To address this issue, the disclosed technology can be implemented in some embodiments to provide a metalens structure in which nano posts are formed in vertically stacked layers, with each layer laterally shifted relative to the layer below it. In some implementations where upper nano posts are disposed on lower nano posts, an oxide layer is formed between the upper nano posts and the lower nano posts for structural support, a support layer (e.g., oxide layer) is formed between the upper and lower nano posts.

FIG. 2 is a schematic diagram illustrating an example structure of a metalens layer formed in a central portion of the pixel region shown in FIG. 1 based on some embodiments of the disclosed technology. FIG. 3 is a schematic diagram illustrating an example structure of a metalens layer formed in an edge portion in the pixel region shown in FIG. 1 based on some embodiments of the disclosed technology.

Referring to FIGS. 2 and 3, the image sensing device may include a substrate layer 110, a color filter layer 120, an overcoating layer 130, an etch stop layer 140, and a metalens layer 150.

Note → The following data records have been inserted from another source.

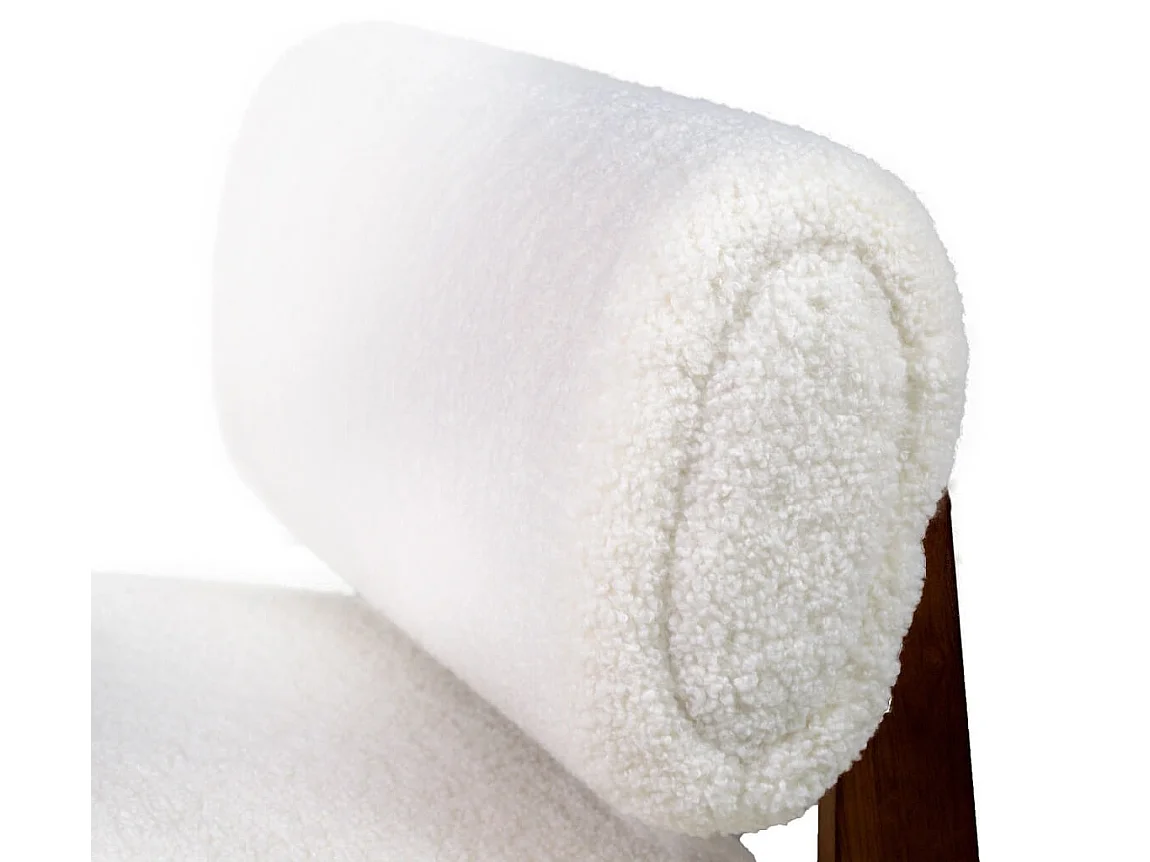 Fauteuil design en laine à bouclettes blanc cassé et bois de pin marron Orika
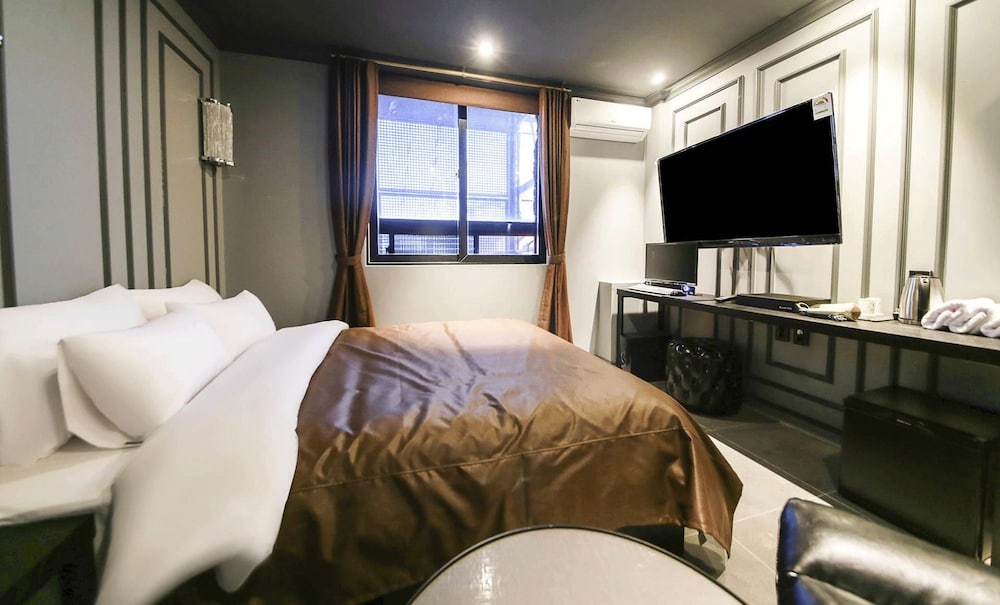 Standard Room photo 3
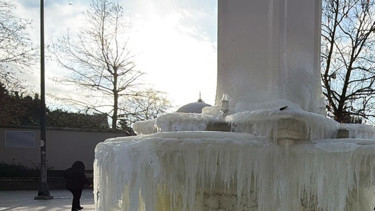 İstanbulun yanı başında Sibirya soğukları: Eksi 11i gördüler, her yer buz tuttu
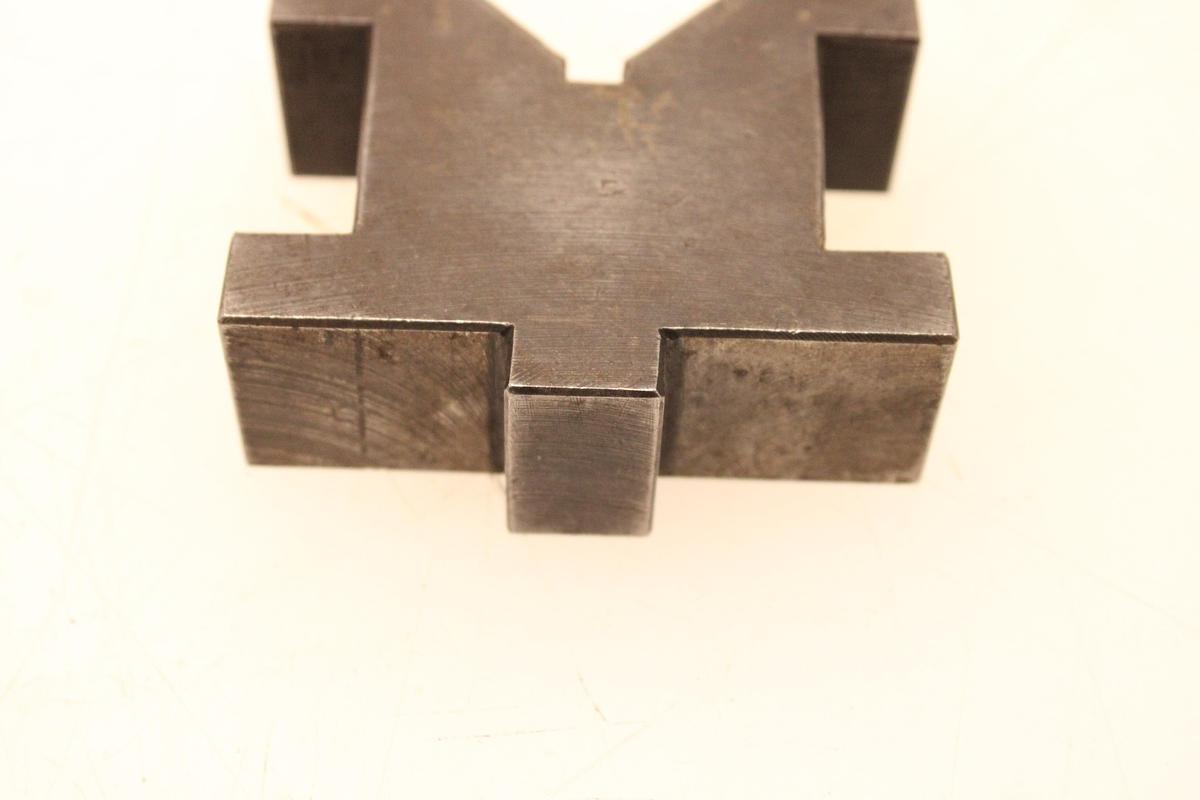 Usado Lote Bloques en V para fresadora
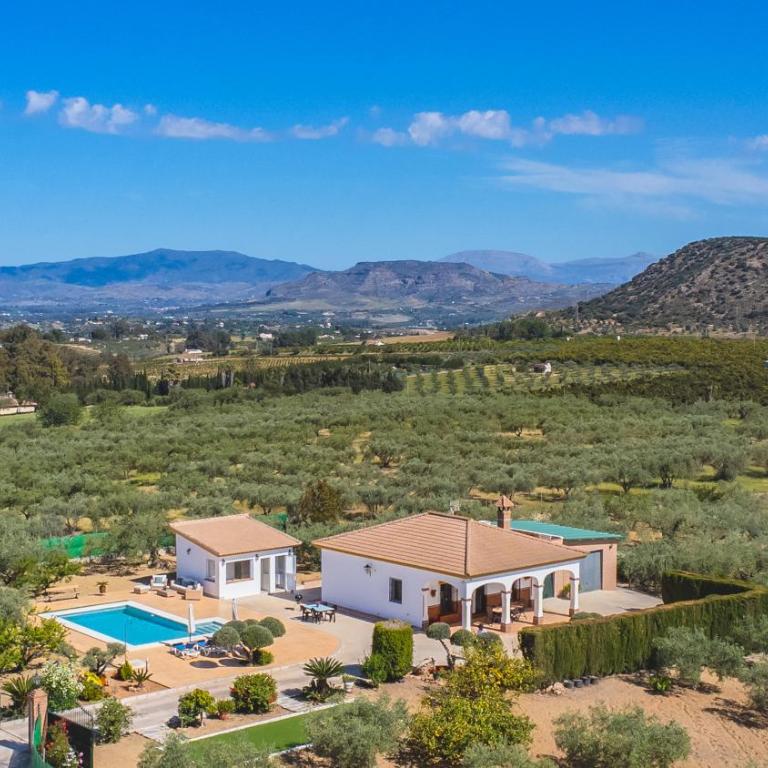 Cubo's Finca Villaverde - Two-Bedroom House - 1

The substrate layer 110 may include a semiconductor substrate having a first surface and a second surface opposite to the first surface. From the perspective inside the semiconductor substrate, the first surface and the second surface face each other. In some implementations, the first surface is a surface upon which light is incident, and the color filter layer 120, the overcoating layer 130, the etch stop layer 140, and the metalens layer 150 may be formed thereon. The semiconductor substrate may be in a monocrystalline state, and may include a silicon-containing material. That is, the semiconductor substrate may include a monocrystalline silicon-containing material. The semiconductor substrate may include the photoelectric conversion elements 112 that can convert incident light received through the first surface of the semiconductor substrate into photocharges.

The color filter layer 120 may include a plurality of color filters arranged to respectively correspond to the unit pixels. The color filters may be arranged in a Bayer pattern. The color filter layer 120 may include a grid structure disposed between the color filters to prevent crosstalk between the color filters.

The overcoating layer 130 may be disposed over the color filter layer 120, and may operate as a planarization layer to remove a height difference between the grid structure and the color filters. The overcoating layer 130 may include a material that is transparent to visible light, for example, a dielectric material (e.g., SiO₂, siloxane-based spin on glass (SOG), etc.) that has a lower refractive index than nanostructures (nano-posts) of the metalens layer 150 and a low absorption rate in the visible spectrum. The overcoating layer 130 may include a material and thickness that can achieve a target refractive index together with the etch stop layer 140. The target refractive index may be a theoretical refractive index designed for the effective medium disposed between two materials, so that a light reflectivity occurring at an interface between materials with different refractive indices can be minimized.

The etch stop layer 140 may be formed over the overcoating layer 130 and may serve as an etch stop to protect the overcoating layer 130 during the etching process for forming one or more first nano-posts 152a. The etch stop layer 140 may include an ultra-low-temperature oxide (ULTO) layer.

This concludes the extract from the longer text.